Wednesday, April 6, 2011

A Novel of Ideas that Might Give You Some if You're Not Careful


36 Arguments for the Existence of God, by Rebecca Newberger Goldstein (subtitled “A Work of Fiction”)


This is one of those novels – I seem to read a lot of them – I liked very much but I’m not sure who its ideal audience is. Perhaps one of y’all. Does this sound like something you might enjoy?:

[NO SPOILERS] First, every major character in this novel is Jewish. There is a lot of material here about Judaism of many varieties, and some of the finest scenes are set in “America’s only shtetl,” named here New Walden, where the residents maintain a strictly orthodox way of life. Second, every major character in this novel is a brilliant academic intellectual, and I do mean brilliant, and I do mean academic. Most of the novel is set on campuses, fictional and not, within spitting distance of the Eastern Seaboard. They are not only brilliant, they are the most brilliant in the world in their (sometimes competing) fields. The brilliant characters who are not academic are brilliant religious intellectuals. The plot centers on Cass Seltzer, a lapsed Jew who has written a celebrated book examining The Varieties of Religious Illusion,” and has earned a reputation as “the atheist with a soul.” The plot is difficult to summarize, but I will say only that the drama of the book arises out of the tension between his relationships with several strong (similarly lapsed) women and several strongly religious and charismatic men with whom he studies or otherwise encounters on his path to popular acclaim.
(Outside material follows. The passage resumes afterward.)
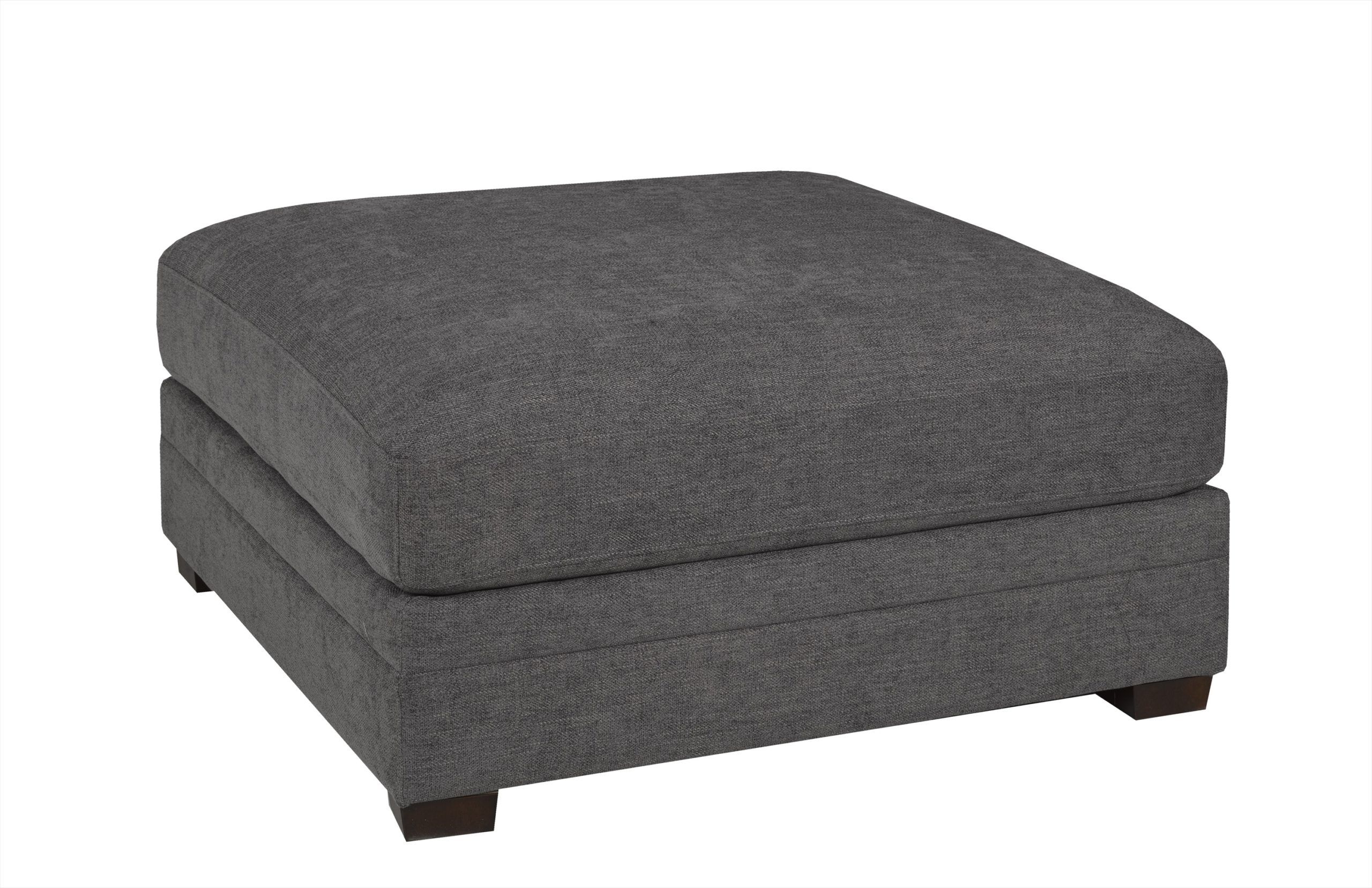 2019 Contemporary Charcoal Grey Ottoman (View 1 of 10)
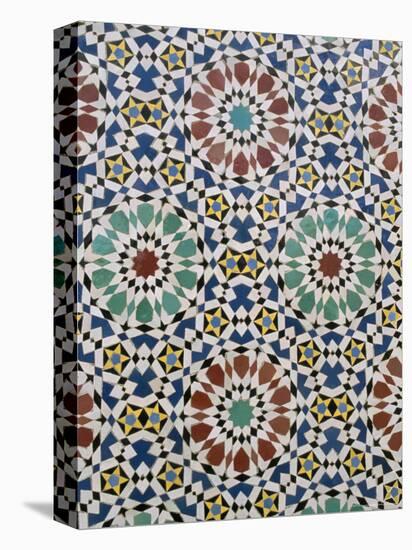 Detail of Tilework, the Royal Palace, Fez, Morocco, North Africa, Africa-R H Productions-Stretched Canvas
The foregoing description makes the book sound strident, biased against religion, and perhaps even sexist. And perhaps dull. And while Ms. Goldstein’s own thoughts on the existence of God are not hard to discern, I must report that I did not find the book offensive in this respect and hardly polemical at all. In fact, while I used the word “drama” in the last paragraph, the novel is comic in intention and effect. I found myself smiling throughout (and even issuing that rarity, the occasional laugh-out-loud), perhaps because in my own education and life I have encountered similar characters.

And it is not dull.  Even if those characters don't sound familiar to you, you can still get a kick out of this book. The writing is lively, if erudite, and there are some very fine passages the equal of any pure writing I’ve read in quite some time.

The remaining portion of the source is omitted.